#### WHAT IS BEING ASKED:
Copy out exactly the lines spanning the line with "Chemise de travail" to the line with "BACK TO COLLEGE", inclusive, from the data underneath, with no pictures.

#### DATA TO PROCESS:

+ + + +

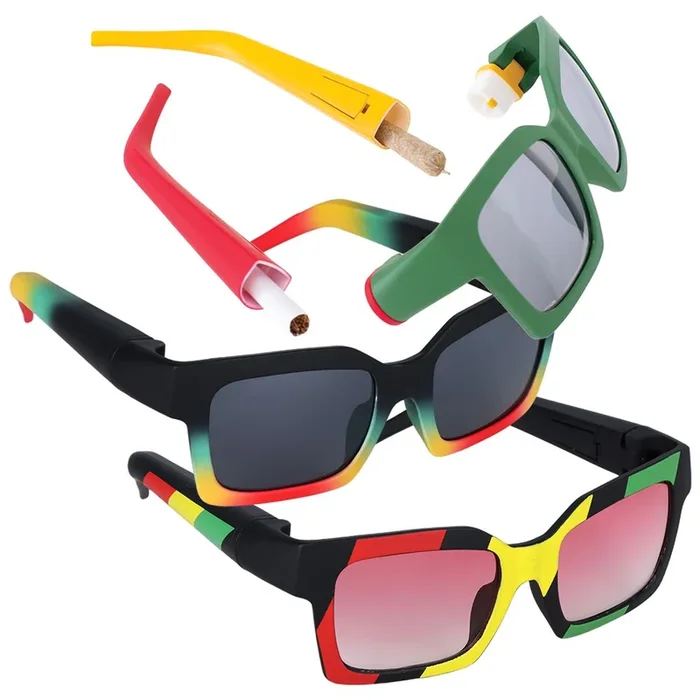 Square Frame Sunglasses with Hidden Storage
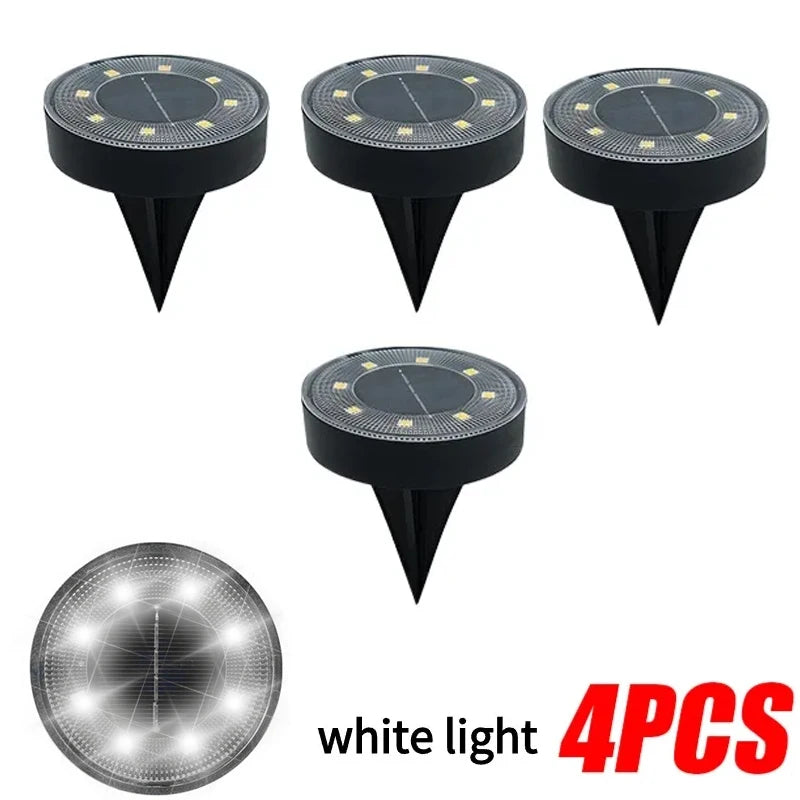 1- LED Outdoor Solar Power Floor Lamps Waterproof Underground Lawn Zpaxo White Light-4 PC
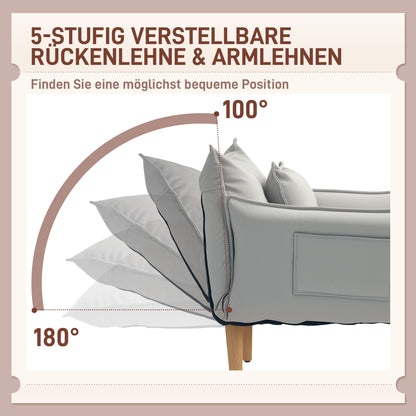 Lounge Stoel – Fauteuil – Zitzak – Relaxstoel – Vloerstoel – Verstelbaar – Zacht Kussen – Lichtgrijs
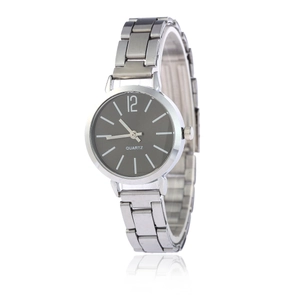 Minimalist quartz watch with silver stainless steel band and dark grey dial with markers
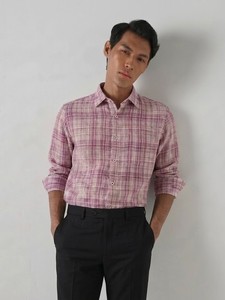 Chemise de travail ODM tissée à carreaux pour homme, décontractée, respirante, à manches longues, col rabattu, en sergé, idéale pour l'été - Product Image 3
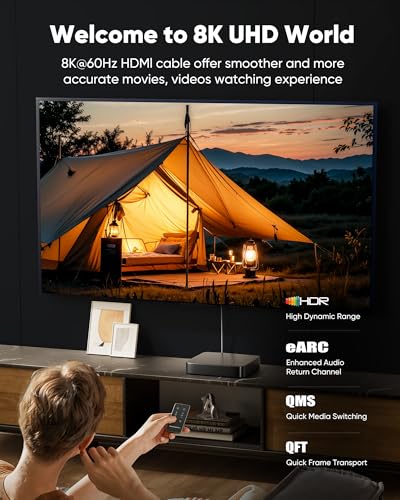 Capshi 6.6ft 8K 4K@120Hz HDMI Cable 2.1, 48Gbps High Speed Cord for PS5/4, TV, Gaming Console, Monitor, 8K@60Hz, 2K@240Hz, 144Hz, Support HDR, eARC, DTS:X, HDCP 2.2 & 2.3, Braided, Grey - Image 2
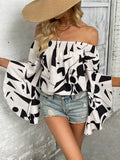 BACK TO COLLEGE   Printed Off-Shoulder Bell Sleeve Blouse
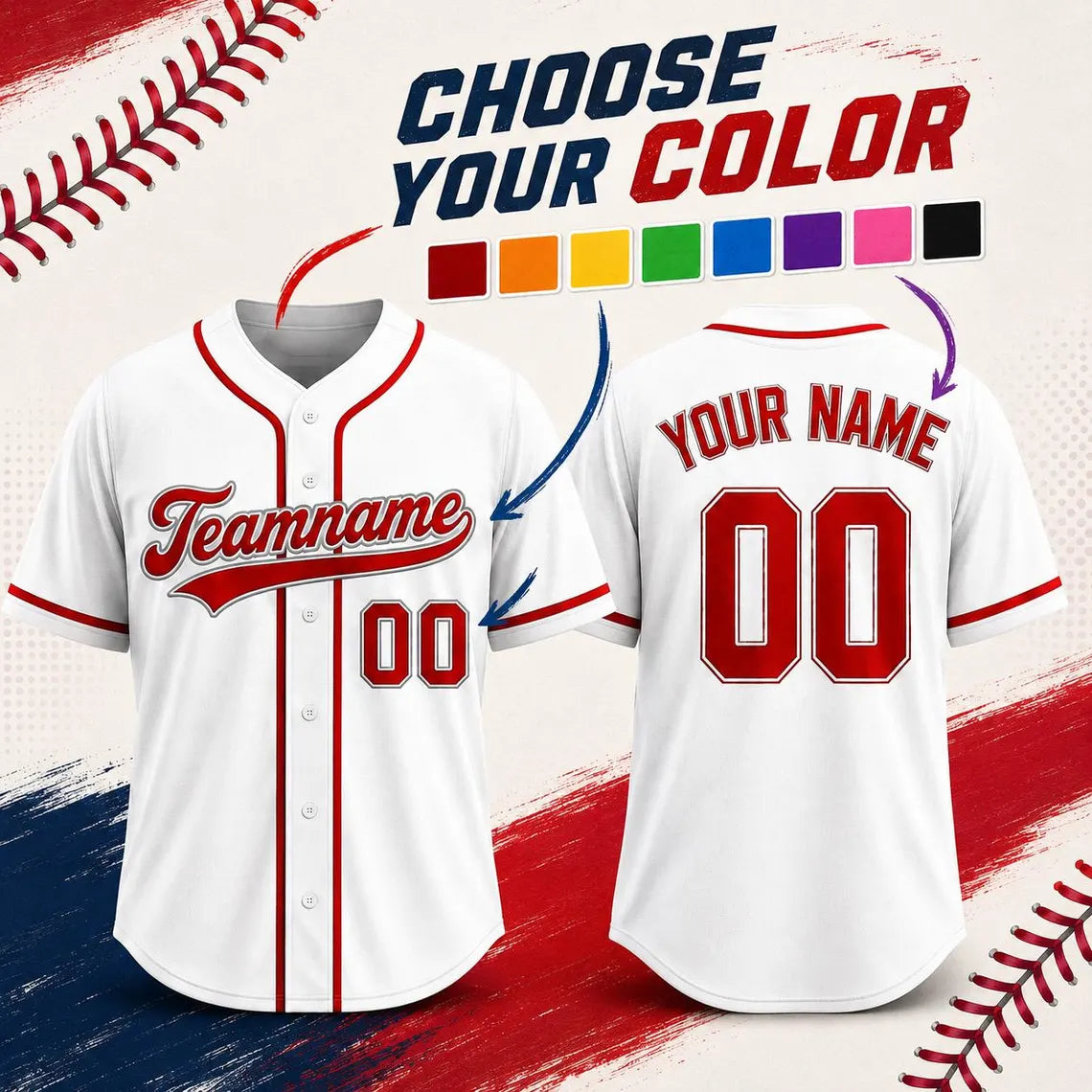 Custom Baseball Jersey, Personalized Name & Number, Team Uniform, Choose Your Colors, Sports Gift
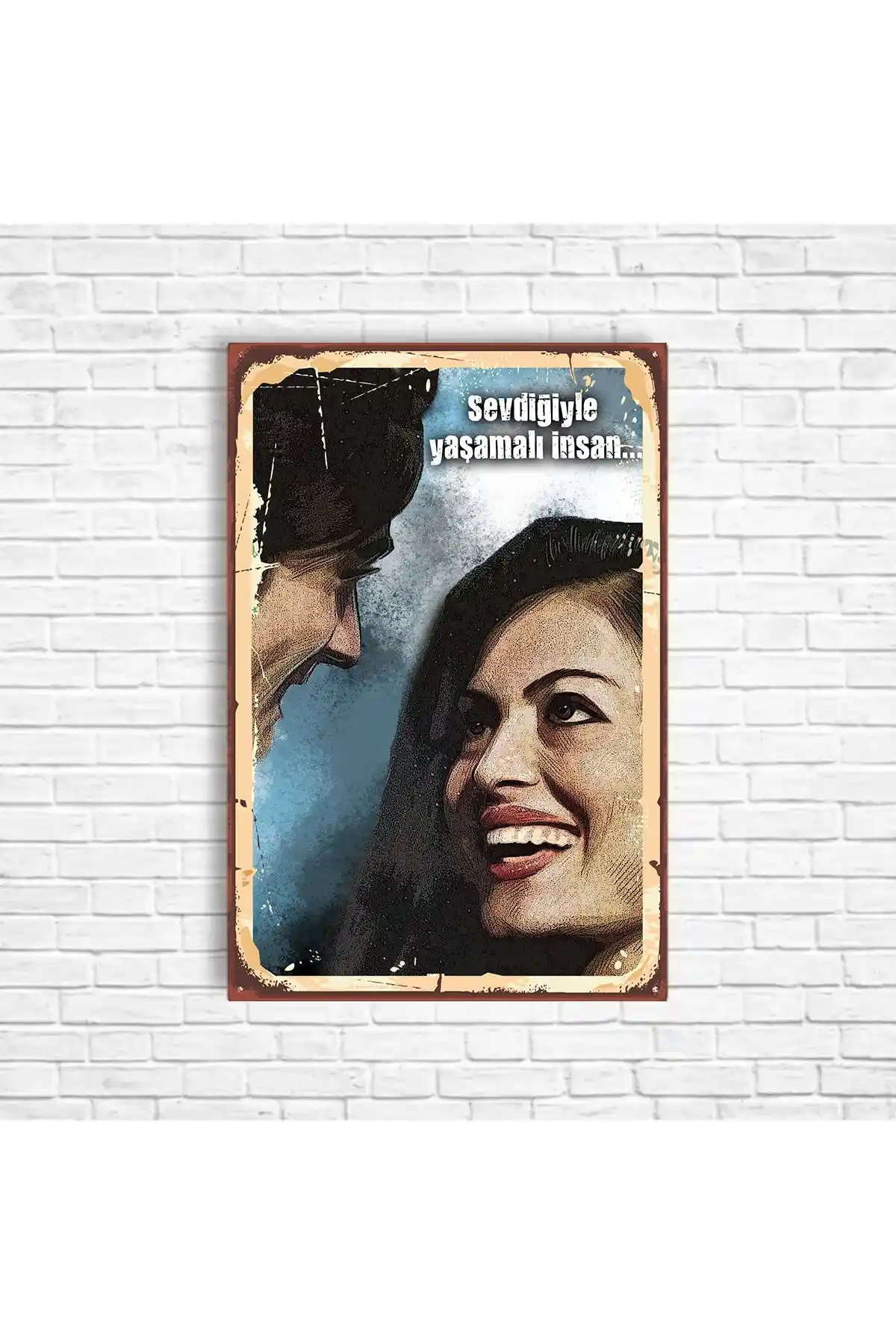 Türk Sinemasının Efsane İsimleri Türkan Şoray ve Kadir İnanır Retro Ahşap Posterleri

+ + + +

#### COMPLETED TASK:
 Chemise de travail ODM tissée à carreaux pour homme, décontractée, respirante, à manches longues, col rabattu, en sergé, idéale pour l'été - Product Image 3
 Capshi 6.6ft 8K 4K@120Hz HDMI Cable 2.1, 48Gbps High Speed Cord for PS5/4, TV, Gaming Console, Monitor, 8K@60Hz, 2K@240Hz, 144Hz, Support HDR, eARC, DTS:X, HDCP 2.2 & 2.3, Braided, Grey - Image 2
 BACK TO COLLEGE   Printed Off-Shoulder Bell Sleeve Blouse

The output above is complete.